Mahavinayak Temple is a major pilgrimage center in Chandikhole in Jajpur district in the Indian state of Odisha. It is one of the oldest Ganesha temples in the state. Five gods - Shiva, Vishnu, Durga, Surya and Ganesha - are worshiped as one deity in a single Garbhagriha or sanctum sanctorum there.

== Multiple deities ==
Because five gods are worshiped as one deity in the temple, there is no pahada in there. Normally, Hindu temples close after pahada, which is sleeping time for the gods. Since Shiva and Vishnu are worshiped in a single sanctum sanctorum, leaves of both Bilva (Aegle marmelos) and Tulasi (Holy Basil) are used in prasadam.

Anna (rice) prasadam is offered instead of Batula Bhoga.

== Location ==
The Mahavinayak Temple is located in Chandikhole in Jajpur district.

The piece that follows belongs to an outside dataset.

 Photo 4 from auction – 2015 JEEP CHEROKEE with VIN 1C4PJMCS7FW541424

The first adjoining foothill base hosts the temple of Goddess Chandi, and in the second foothill base is the temple of Mahavinayak. Both have perennial springs (Golden Spring) with pucca swimming ponds for bathing. In the middle of the hill, just above the Mahavinayak Temple, is another temple dedicated to Maa Banadurga.

== Legends ==

The Mahavinayak Temple is a place of mythological and historical importance. This temple was constructed by the kings of the Keshari Dynasty of Odisha during the 12th century.

The goddess Rati, the wife of Kamadeva, is worshiped there for her devotion that led to the release of her husband from the curse of the god Shiva. While she was praying to Ganesha, five hands simultaneously stretched out toward her to receive her offering, putting her in a dilemma. She then prayed to Bramha who clarified that the five gods, Ganesh, Sun, Vishnu, Shiva and Durga, were pleased with her prayer and simultaneously stretched their hands to receive her offering. Kamadeva was released thereafter, and that day a large granite stone emerged from the earth, containing the divine power of the five gods.

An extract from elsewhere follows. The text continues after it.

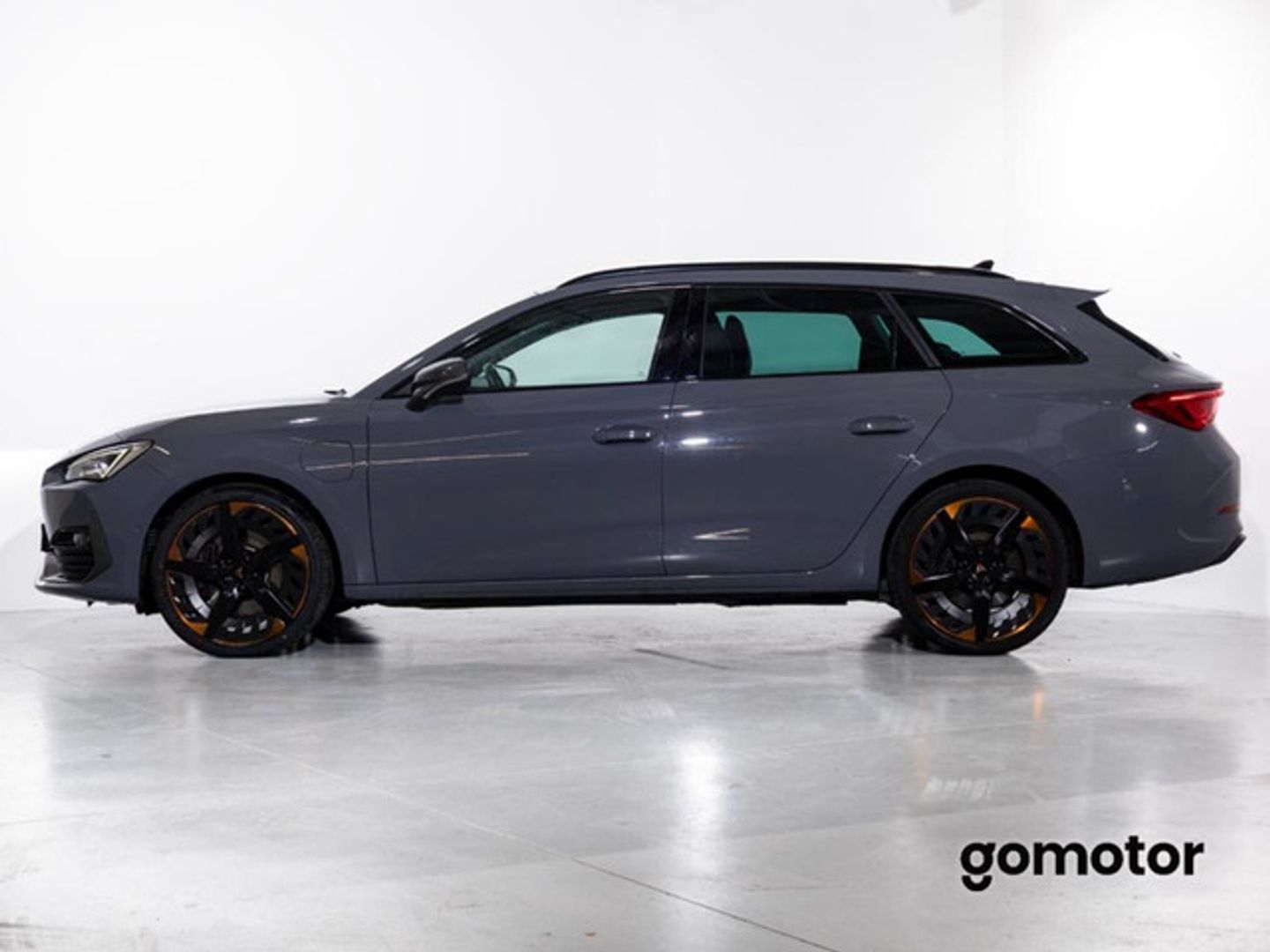 CUPRA Leon Sportstourer 1.4 e-Hybrid DSG 180 kW (245 CV)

This place is also related to Mahabharat legends. The Baruna hill area was the capital of Yudhisthira. From this place, he left for heaven by handing the royal charges of his empire to a teli (an oilman whom he saw first before dawn) who later became the king. His palace was named Teligarh and the remains of his palace can still be seen on the opposite side of the temple. During the Mahabharat battle, mother Kunti also offered Golden Champa flower to Lord Shiva from this place for the victory of her sons.

It is also said that the detached head of Lord Ganesh fell at this location.

== Festivals ==

Festivals, such as Shiva Ratri, Makar Sankranti and Raja, are celebrated here. Shiva Ratri is celebrated for five days with Yagna and Homa every year. People visit each Monday. In the month of Shravana, Shiva devotees offer holy river water to fulfill their wishes.

== Tourism ==
This temple plays a role in Odisha tourism, particularly attracting worshipers of Shiva. It is a picnic spot for trekkers and religious pilgrims, with its densely wooded hills. Chandi temple can be reached via a forest route from Mahavinayak Temple. Its natural environment attracts tourists during winter and summer season.

Lodging and temple boarding facilities are available for pilgrims to use. These facilities are maintained by the Endowment Commissioner of Odisha with one Trustee board.